Data supplied.

<<<<

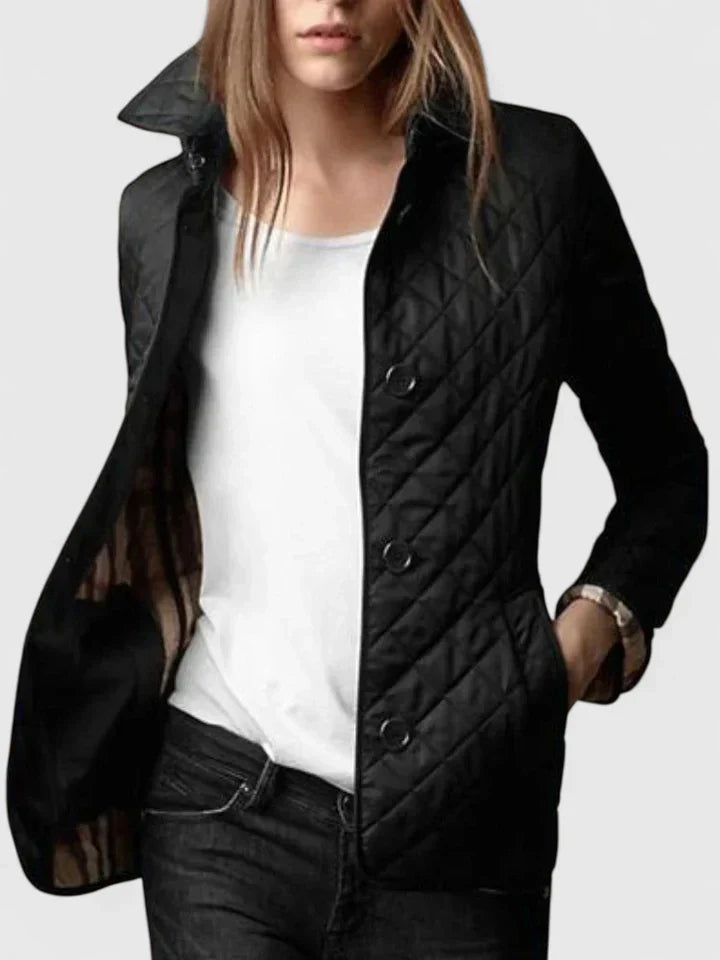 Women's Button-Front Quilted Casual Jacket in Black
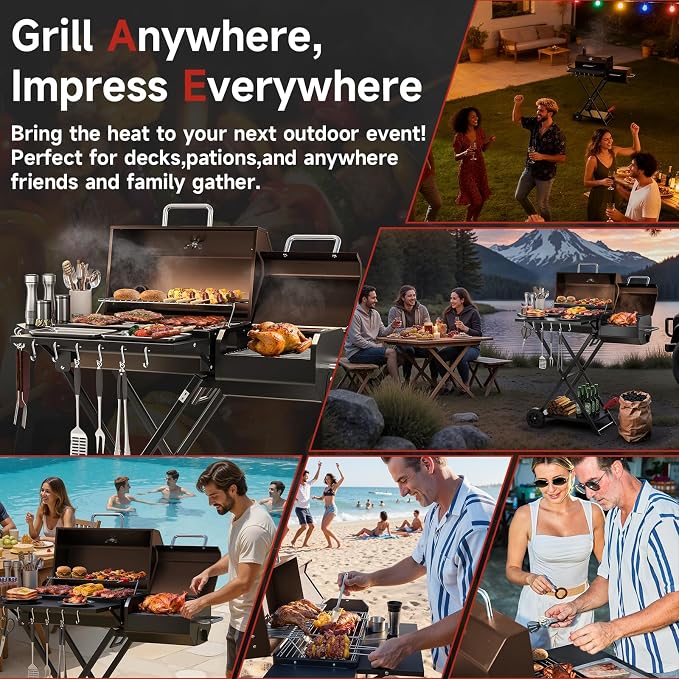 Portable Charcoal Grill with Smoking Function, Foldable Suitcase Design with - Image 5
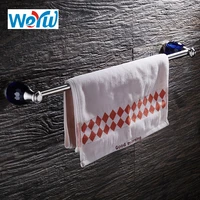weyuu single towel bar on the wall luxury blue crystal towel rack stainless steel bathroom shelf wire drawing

>>>>
<<<<

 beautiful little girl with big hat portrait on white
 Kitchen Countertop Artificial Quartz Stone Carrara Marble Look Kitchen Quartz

>>>>
<<<<

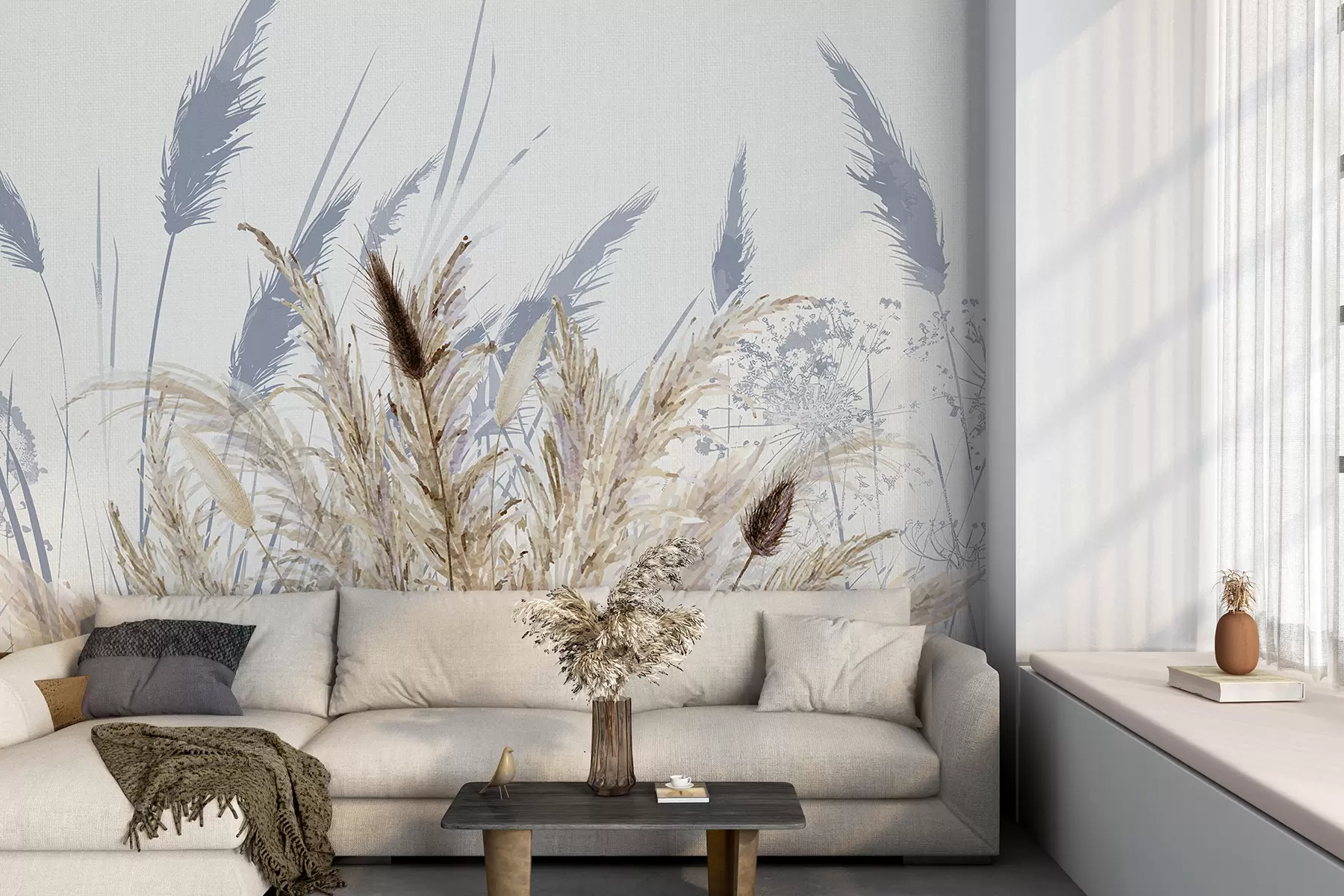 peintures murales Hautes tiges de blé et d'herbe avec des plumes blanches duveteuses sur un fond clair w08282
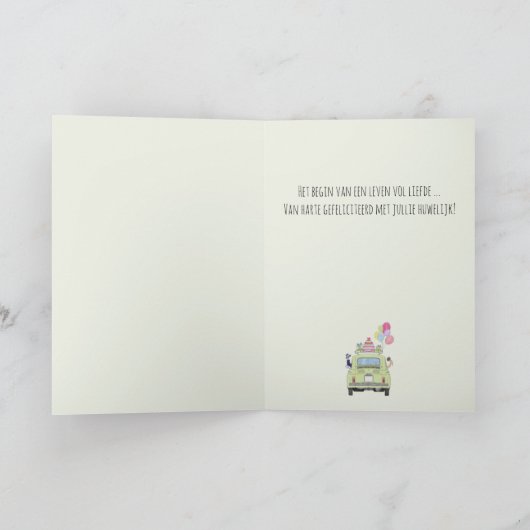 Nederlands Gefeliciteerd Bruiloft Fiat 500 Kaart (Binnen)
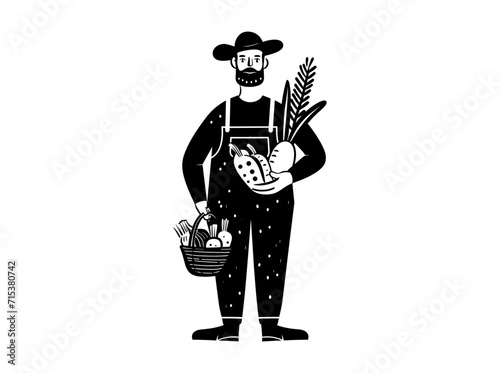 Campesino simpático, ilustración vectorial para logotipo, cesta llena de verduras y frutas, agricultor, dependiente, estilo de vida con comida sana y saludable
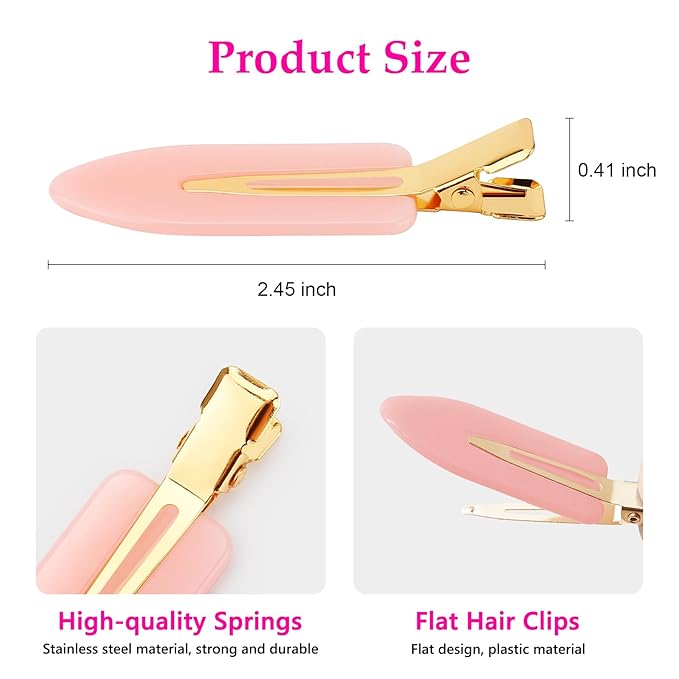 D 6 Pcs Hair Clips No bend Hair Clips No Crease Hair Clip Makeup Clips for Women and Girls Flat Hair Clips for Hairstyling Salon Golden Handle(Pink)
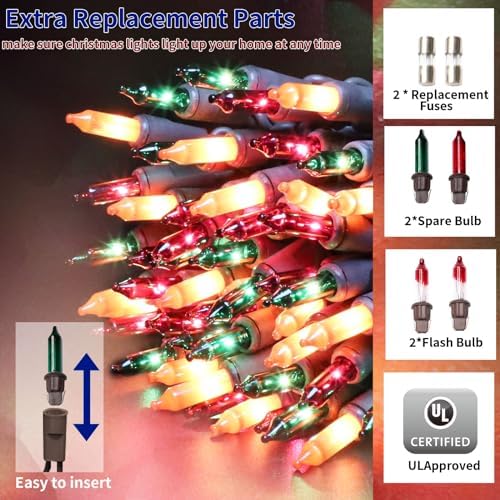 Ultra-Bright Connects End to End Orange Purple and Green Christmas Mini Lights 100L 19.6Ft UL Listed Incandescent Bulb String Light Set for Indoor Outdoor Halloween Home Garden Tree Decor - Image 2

>>>>

Problem to solve.
In the records above, find the line with "Women's Button-Front Quilted" and the line with "weyuu single towel"; please transcribe exactly those two lines and all lines between them, omitting any picture.

Solution for this task.
 Women's Button-Front Quilted Casual Jacket in Black
 Portable Charcoal Grill with Smoking Function, Foldable Suitcase Design with - Image 5
weyuu single towel bar on the wall luxury blue crystal towel rack stainless steel bathroom shelf wire drawing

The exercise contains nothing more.